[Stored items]
------------

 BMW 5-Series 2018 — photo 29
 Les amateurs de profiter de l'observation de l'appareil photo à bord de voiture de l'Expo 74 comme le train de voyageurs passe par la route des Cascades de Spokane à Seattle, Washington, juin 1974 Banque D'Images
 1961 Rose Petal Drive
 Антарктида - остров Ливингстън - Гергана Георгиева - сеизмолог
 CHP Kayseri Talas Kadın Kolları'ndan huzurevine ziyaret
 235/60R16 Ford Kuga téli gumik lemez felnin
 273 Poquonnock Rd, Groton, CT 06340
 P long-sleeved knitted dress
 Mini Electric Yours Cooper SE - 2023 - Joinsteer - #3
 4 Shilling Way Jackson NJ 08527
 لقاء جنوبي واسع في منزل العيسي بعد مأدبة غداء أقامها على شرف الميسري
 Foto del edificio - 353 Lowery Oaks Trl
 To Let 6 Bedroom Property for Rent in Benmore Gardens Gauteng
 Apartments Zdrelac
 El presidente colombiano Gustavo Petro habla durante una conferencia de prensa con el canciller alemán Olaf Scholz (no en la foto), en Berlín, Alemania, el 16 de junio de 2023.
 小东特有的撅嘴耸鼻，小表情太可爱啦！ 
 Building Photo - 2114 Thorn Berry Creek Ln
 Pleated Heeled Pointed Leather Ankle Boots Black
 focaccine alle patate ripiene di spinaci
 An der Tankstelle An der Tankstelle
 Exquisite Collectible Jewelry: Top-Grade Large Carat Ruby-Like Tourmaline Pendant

------------

Exercise
Transcribe every record exactly.

Response
 BMW 5-Series 2018 — photo 29
 Les amateurs de profiter de l'observation de l'appareil photo à bord de voiture de l'Expo 74 comme le train de voyageurs passe par la route des Cascades de Spokane à Seattle, Washington, juin 1974 Banque D'Images
 1961 Rose Petal Drive
 Антарктида - остров Ливингстън - Гергана Георгиева - сеизмолог
 CHP Kayseri Talas Kadın Kolları'ndan huzurevine ziyaret
 235/60R16 Ford Kuga téli gumik lemez felnin
 273 Poquonnock Rd, Groton, CT 06340
 P long-sleeved knitted dress
 Mini Electric Yours Cooper SE - 2023 - Joinsteer - #3
 4 Shilling Way Jackson NJ 08527
 لقاء جنوبي واسع في منزل العيسي بعد مأدبة غداء أقامها على شرف الميسري
 Foto del edificio - 353 Lowery Oaks Trl
 To Let 6 Bedroom Property for Rent in Benmore Gardens Gauteng
 Apartments Zdrelac
 El presidente colombiano Gustavo Petro habla durante una conferencia de prensa con el canciller alemán Olaf Scholz (no en la foto), en Berlín, Alemania, el 16 de junio de 2023.
 小东特有的撅嘴耸鼻，小表情太可爱啦！ 
 Building Photo - 2114 Thorn Berry Creek Ln
 Pleated Heeled Pointed Leather Ankle Boots Black
 focaccine alle patate ripiene di spinaci
 An der Tankstelle An der Tankstelle
 Exquisite Collectible Jewelry: Top-Grade Large Carat Ruby-Like Tourmaline Pendant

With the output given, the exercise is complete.